■ Exercise data ■
★ ★ ★

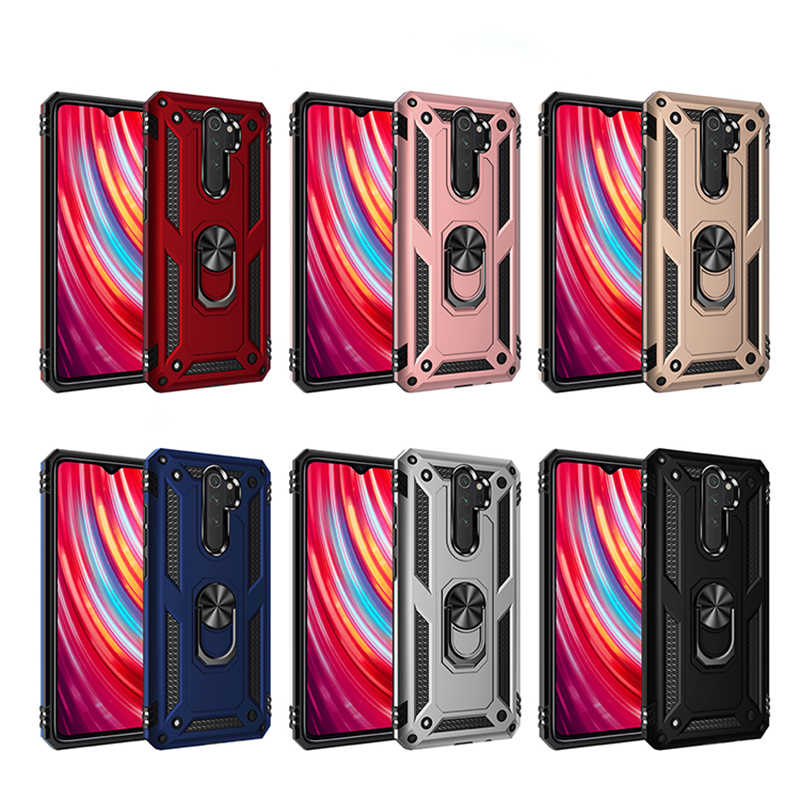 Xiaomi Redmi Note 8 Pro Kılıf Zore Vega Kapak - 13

★ ★ ★

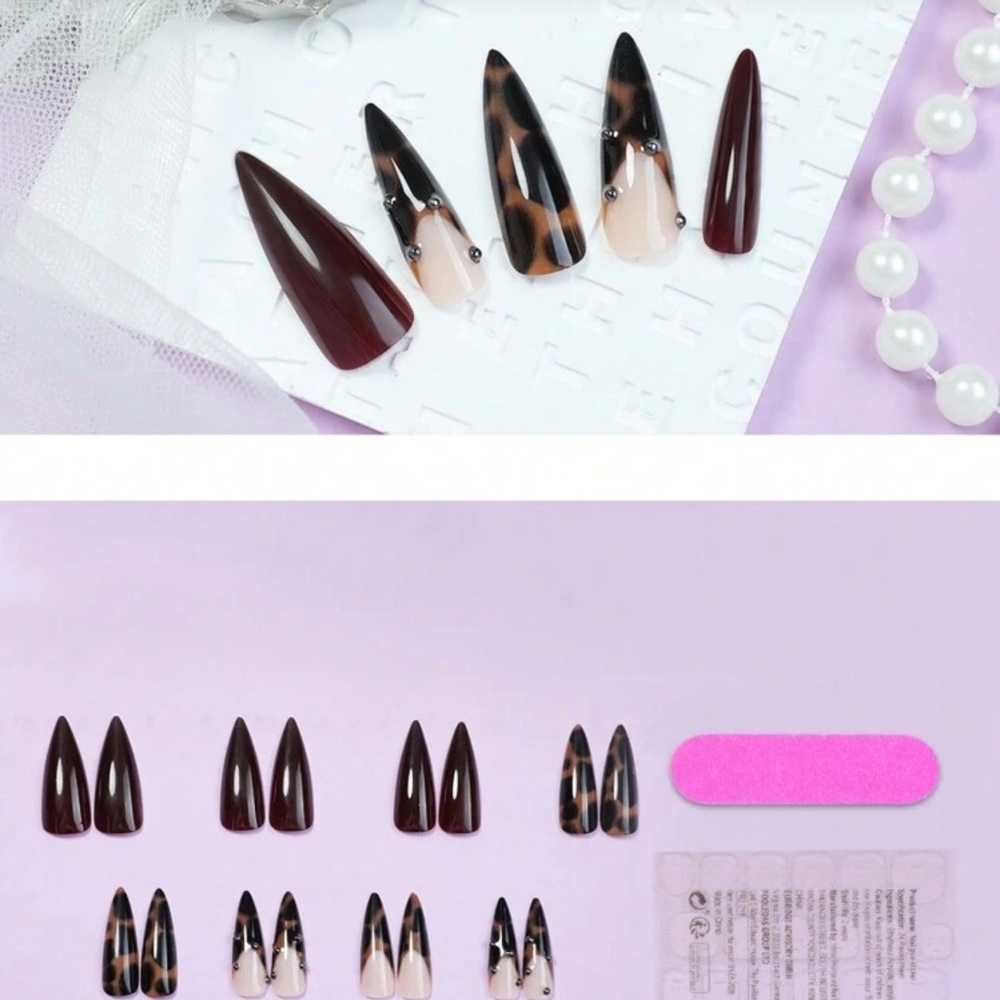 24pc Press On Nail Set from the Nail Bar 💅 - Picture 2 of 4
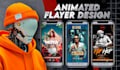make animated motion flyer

★ ★ ★

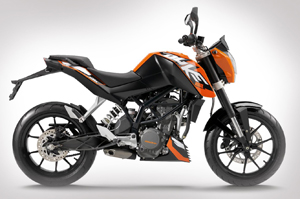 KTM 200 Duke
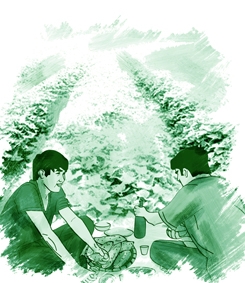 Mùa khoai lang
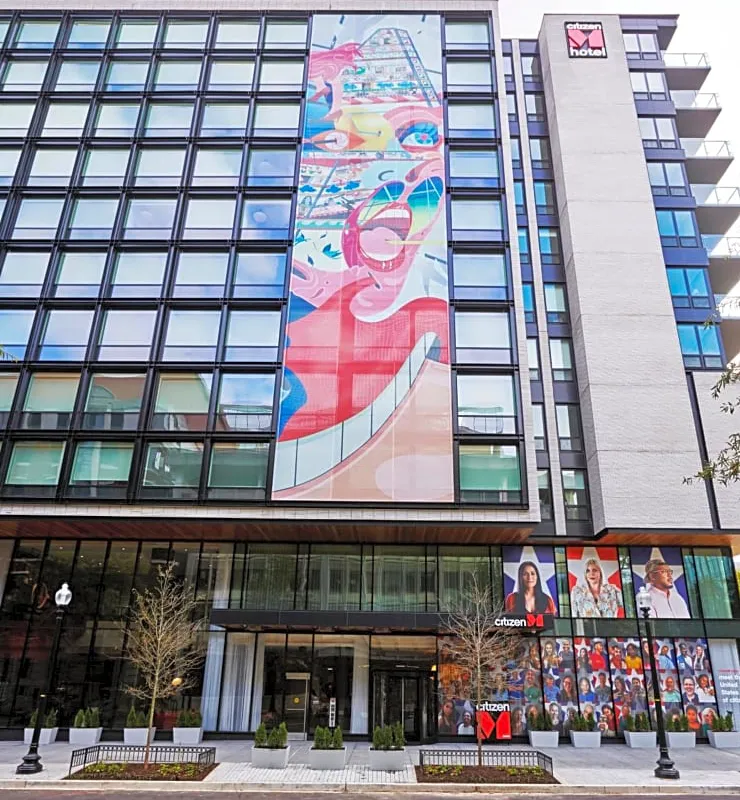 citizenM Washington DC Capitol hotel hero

★ ★ ★

■ Action item ■
A word-for-word reproduction is needed of the lines above from the line containing "KTM 200 Duke" through the line containing "citizenM Washington DC Capitol hotel hero", with both ends kept and no pictures.

■ Written answer ■
 KTM 200 Duke
 Mùa khoai lang
 citizenM Washington DC Capitol hotel hero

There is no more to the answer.